車で1時間くらいの所に、Laguna Miscantiがある。生き物は、フラミンゴと人間だけだ。湖に着くまでは、古代の海が干上がった砂漠が続く。写真で灰色に見えるのは、塩だ。もし真っ白だったら、そして、湖に好き勝手に入れるのだったら、今大人気のボリビアSalar de Uyuniと言う事になる。但し、灰色の方が一般的だし、どこにでもある。それに、ここはボリビアと違って、環境汚染にうるさい。均茶庵がうっかり規制線を越えてしまったら、遠くの方からGuarda Parqueパークレンジャーが、警告の笛をならした。見ていた。
旅から戻ると、例外無く考えるようになってしまった。もう一度ここに来る機会は、あるのだろうか。もう一度、この空の青さの中で飛び跳ねてみたい。そして、空気の薄さに、よろけてみたい。しかし、70歳は、重い。
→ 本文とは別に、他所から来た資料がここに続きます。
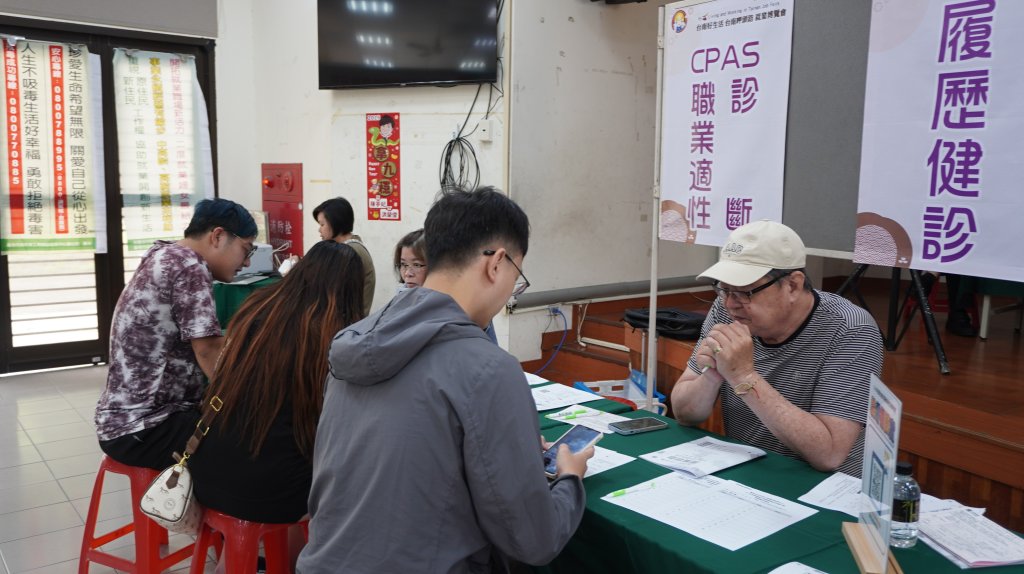 勞工局「台南好生活 台南呷頭路」第1場中型徵才活動釋出逾千職缺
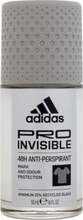 Rull-deodorant meestele Adidas Pro Invisible, 50 ml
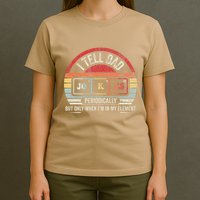 I Tell Dad Jokes Periodically Element T-Shirt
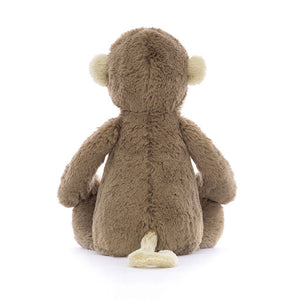 Jellycat Bashful Monkey 12" Medium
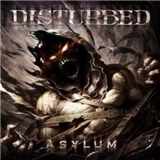 CD Disturbed - Asylum 2010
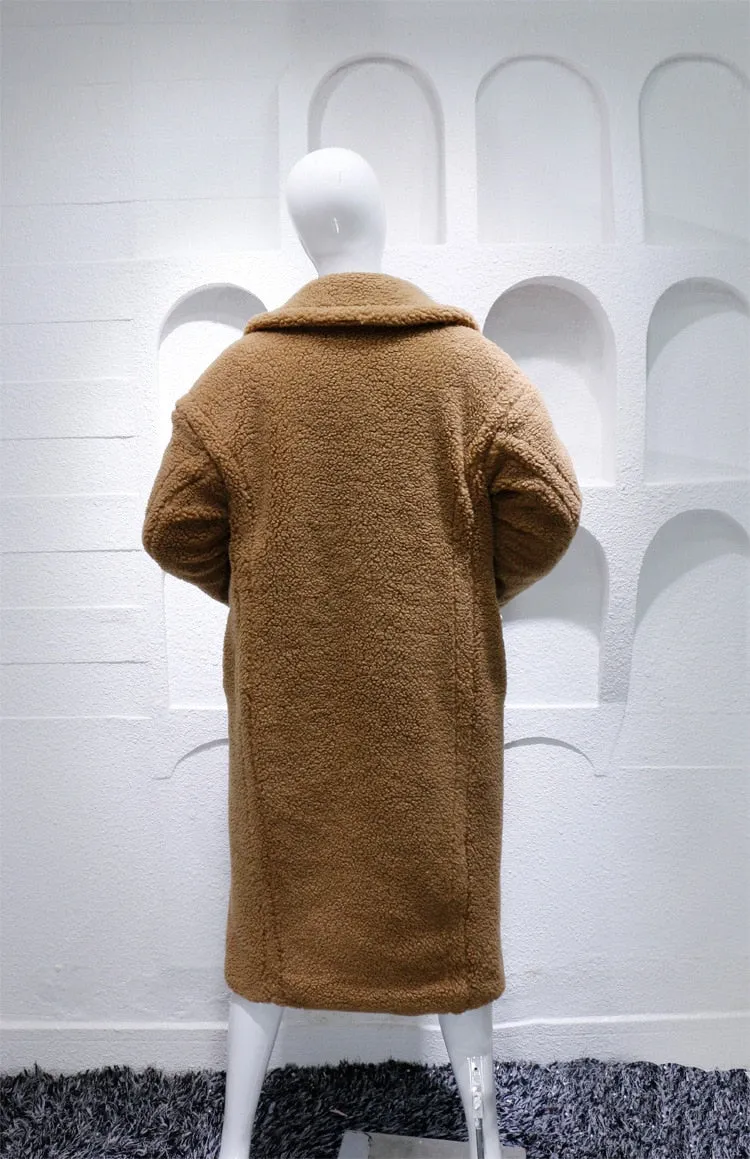 Teddy Coat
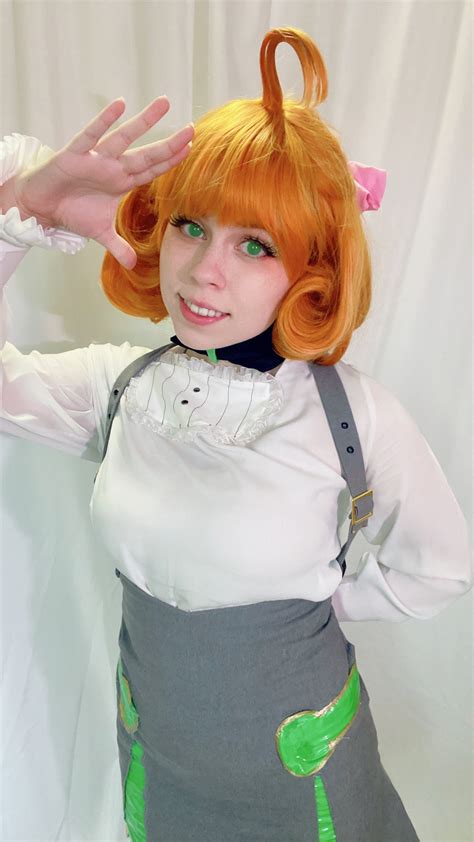 rwby penny cosplay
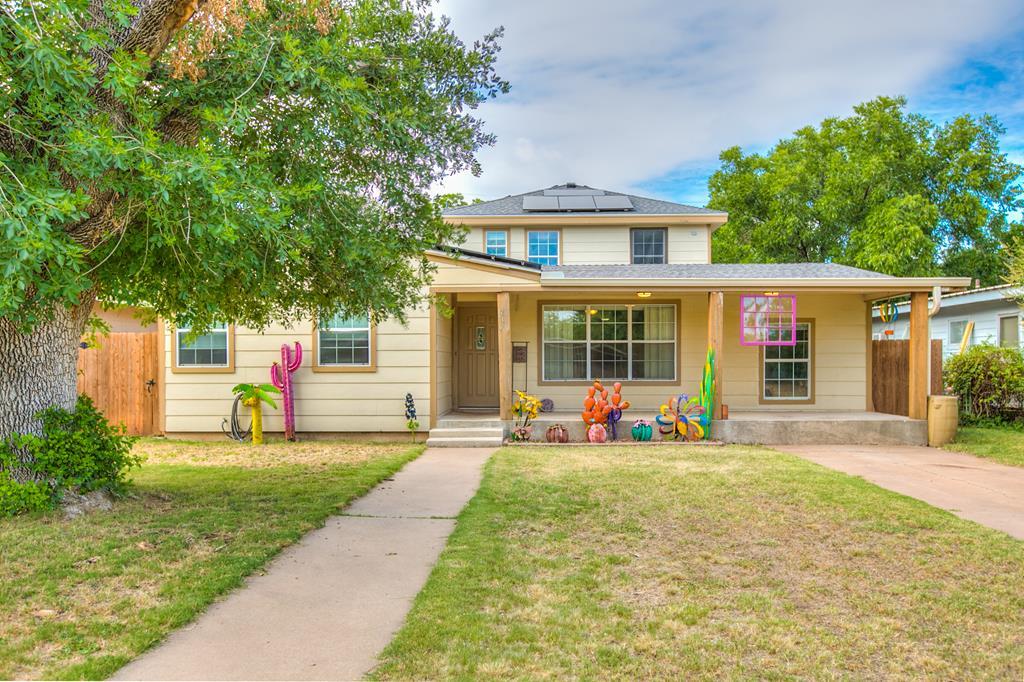 317 River Oaks St  San Angelo TX 76903 photo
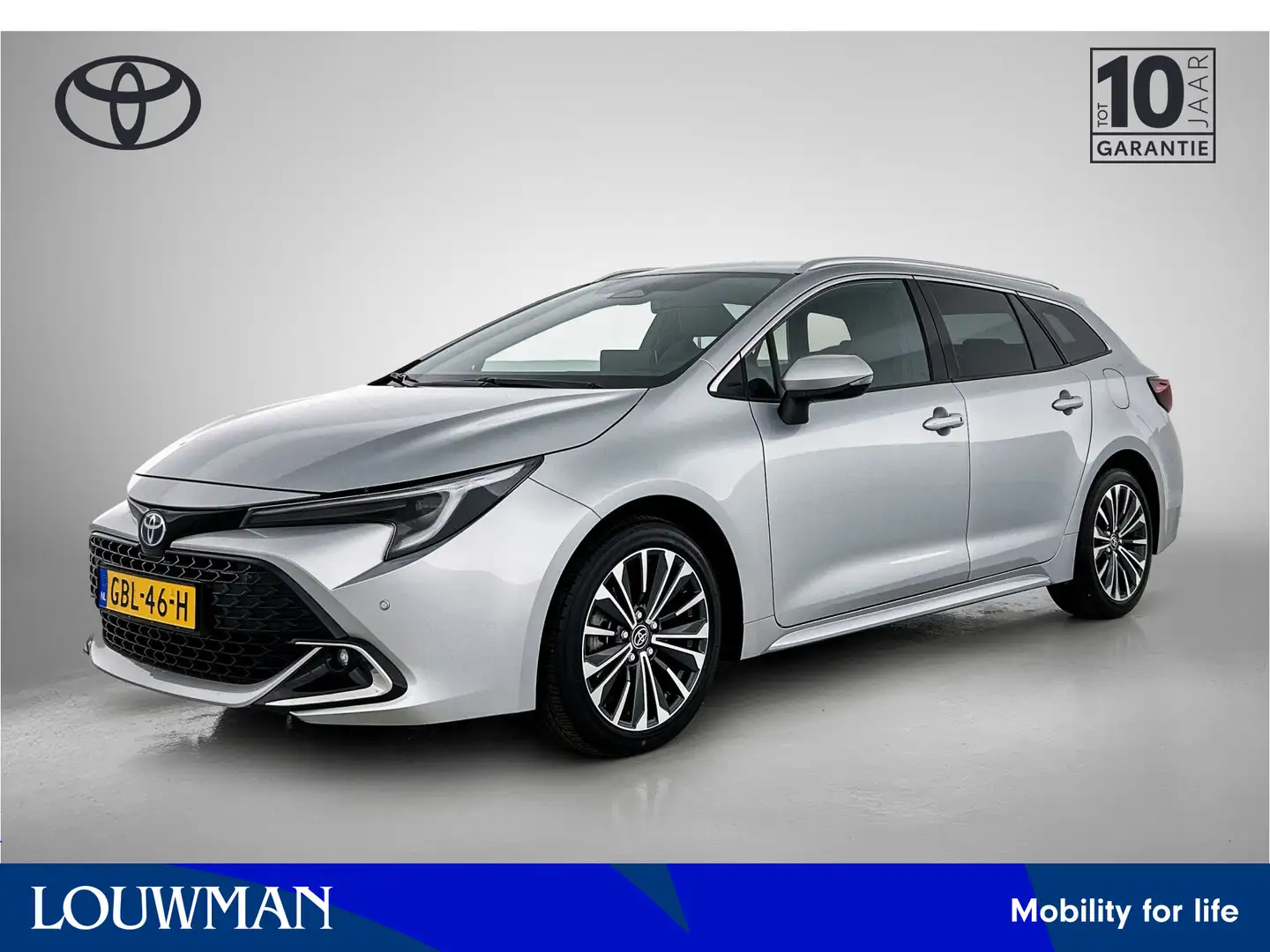 Toyota Corolla Touring Sports Hybrid 140 Dynamic | Stoelverwarmin Gris - 1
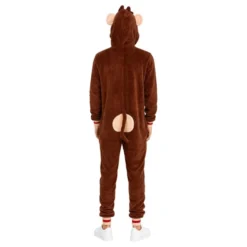 Onesie Apina Naamiaisasu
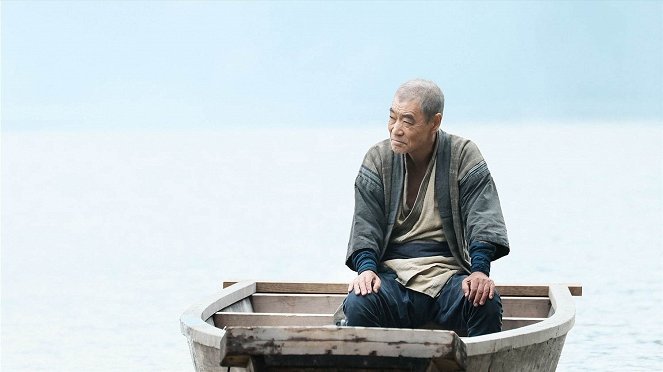Aru sendó no hanaši - Do filme - Akira Emoto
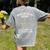 Working On My Quads Algebra Math Gym Teacher Women's Comfort Colors T-Shirt Back Print Grey Working On My Quads Algebra Math Gym Teacher Women's Comfort Colors T-Shirt Back Print Grey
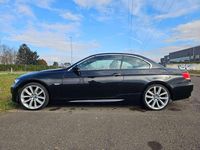 Usata BMW 320 Cabriolet 170 CV (125 kW) 2007 Cabrio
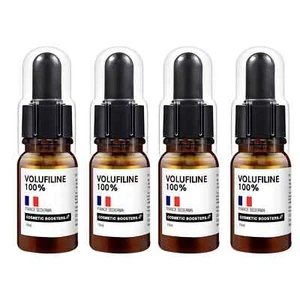 4x Volufiline 10ml - Cosmetic Ingredient - 100% Volufiline Ampoule 10ml(0.34 oz) - Bild 1 von 12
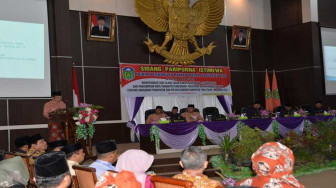 Fachrori Ajak Masyarakat dan Aparat Pemerintah Tingkatkan Kebersamaan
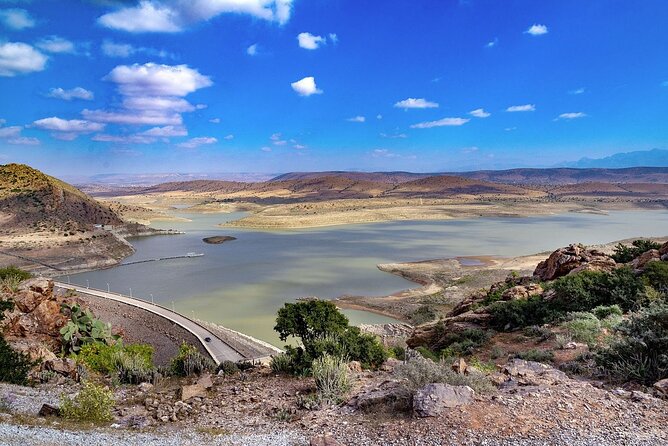 Jeep 4x4 Safari Atlantic Ocean & Desert Dunes with Berber Lunch - The Dam Stop and Why It Matters (Even If It’s Not Your Usual Target)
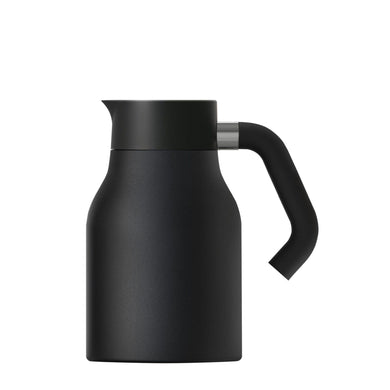 Asobu Cold Brew Coffee Carafe with screw on handle for pouring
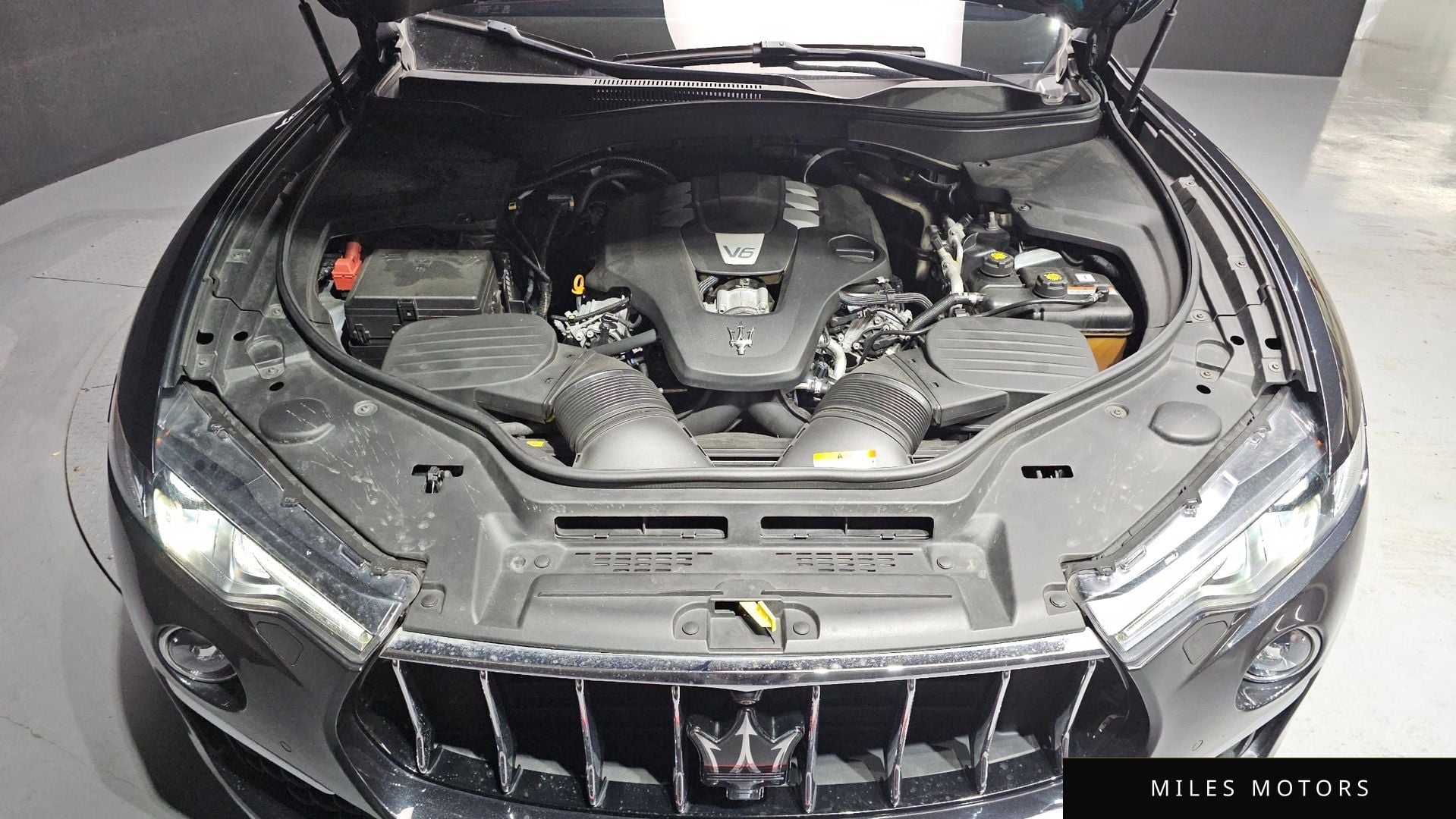 Maserati 르반떼 2019 — миниатюра 6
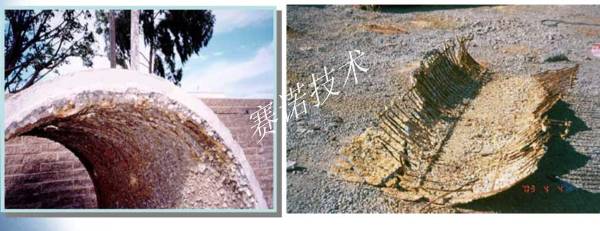 PCCP管道系統(tǒng)滲漏及防腐方案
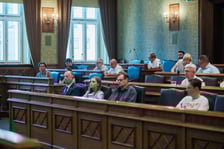 <p>XXII Sesja Rady Miejskiej we Wrocławiu</p>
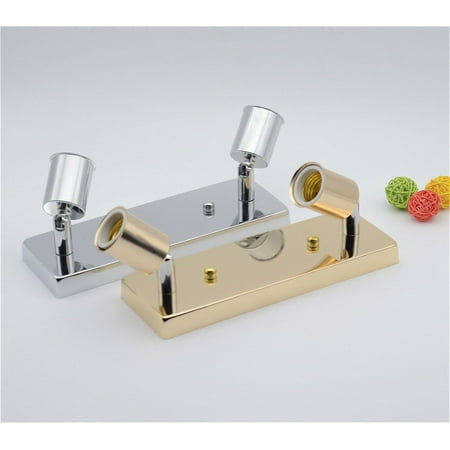 

Ceiling Mount Lamp Holder E27 Light Bulb Socket Holder Thickened Screw Lamp Holder Supply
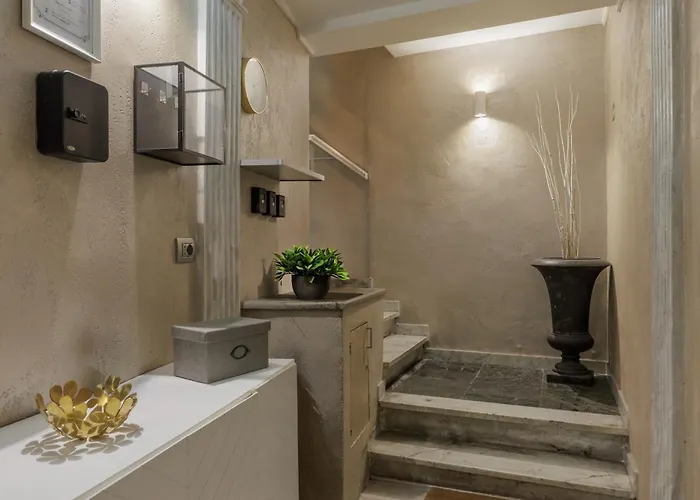 Black And White Suite Roma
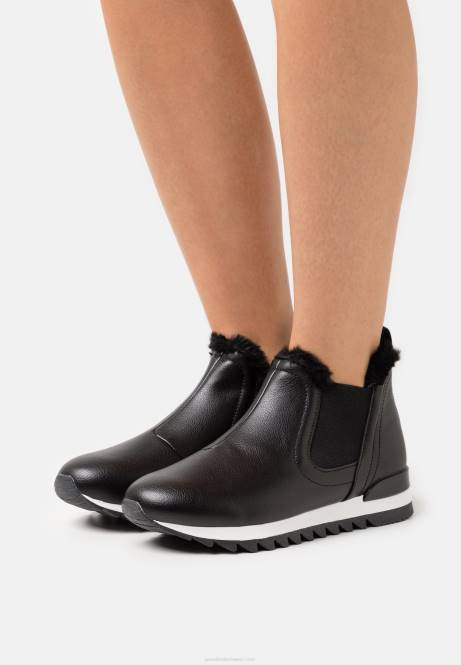 High-Top-Sneaker schwarz Anna Field V0FT1235 Frauen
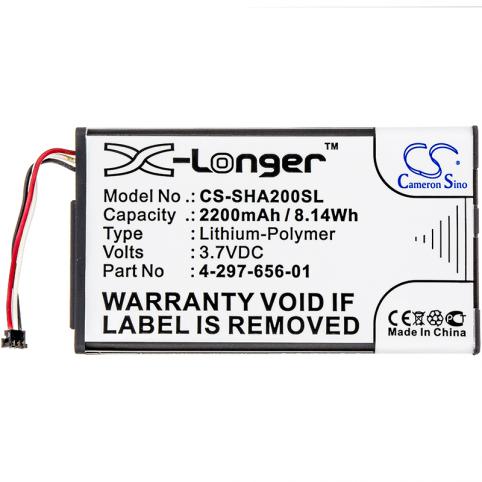Battery pregnant sony pha 2a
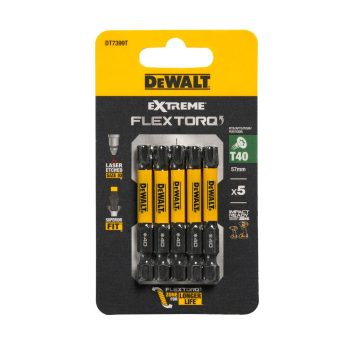 Dewalt T40 X 5 50mm-es IR Torziós csavarozóbit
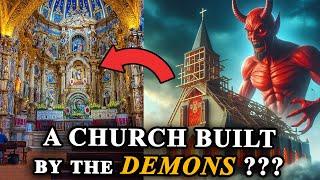 Church BUILT BY THE DEVIL | Church of ST. FRANCIS  in Quito - Ecuador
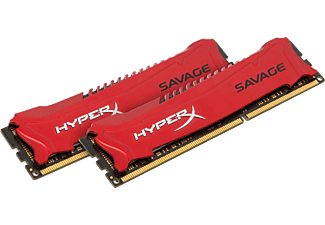 KINGSTON HyperX Savage 8GB 2x4GB 1600MHz DDR3 Ram HX316C9SRK2/8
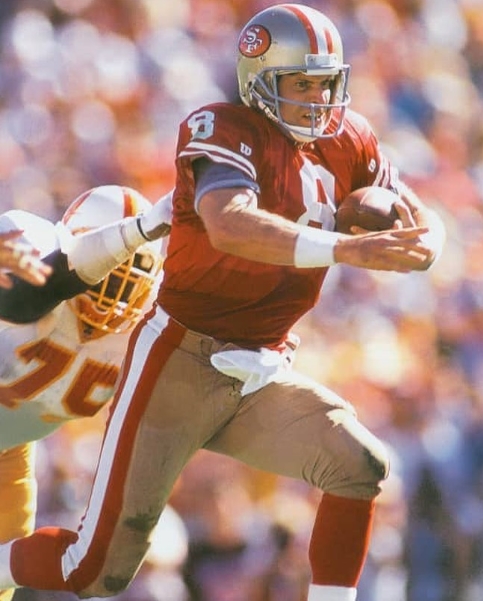 American Former NFL Player, Steve Young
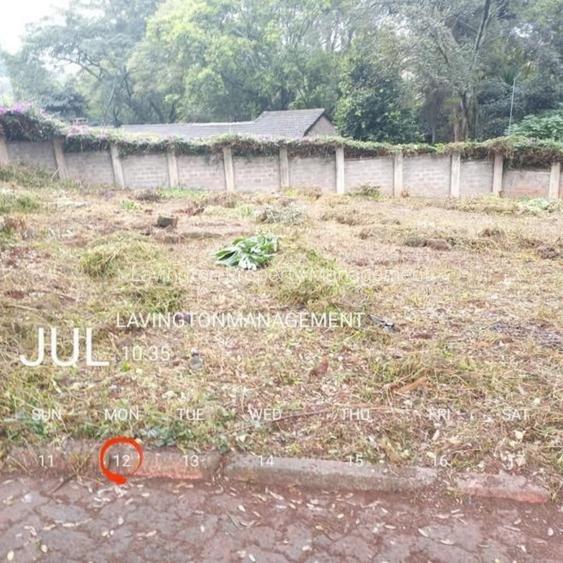 0.47 ac Residential Land at Lavington Green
1996年5月にチリとアルゼンチンの国境にあるLaguna del Mauleをカヤックで渡り、湖畔で一人キャンプした時もそうだった。ここは標高2,160mだ。チリの首都Santiagoから、南へ250kmのアンデス山中にある。火口湖の入り口まで、年に数か月しか通じない道路を、オフロード車で走った。「必ずもう一度来よう。」近くの小高い丘に登って、石を並べて、自分の名前を書いた。数え切れないほどの星と、南十字星と、二つのマゼラン星雲を眺めながら、ピスコ酒を飲んだ。ピューマの遠吠えが、心地よく響いていた。日本人でこの景色を見たのは、均茶庵だけの筈だ。それから、20年以上経ってしまった。未だ行っていない。
San Pedro de Atacama。もう一度ここに来る機会は、あるのだろうか。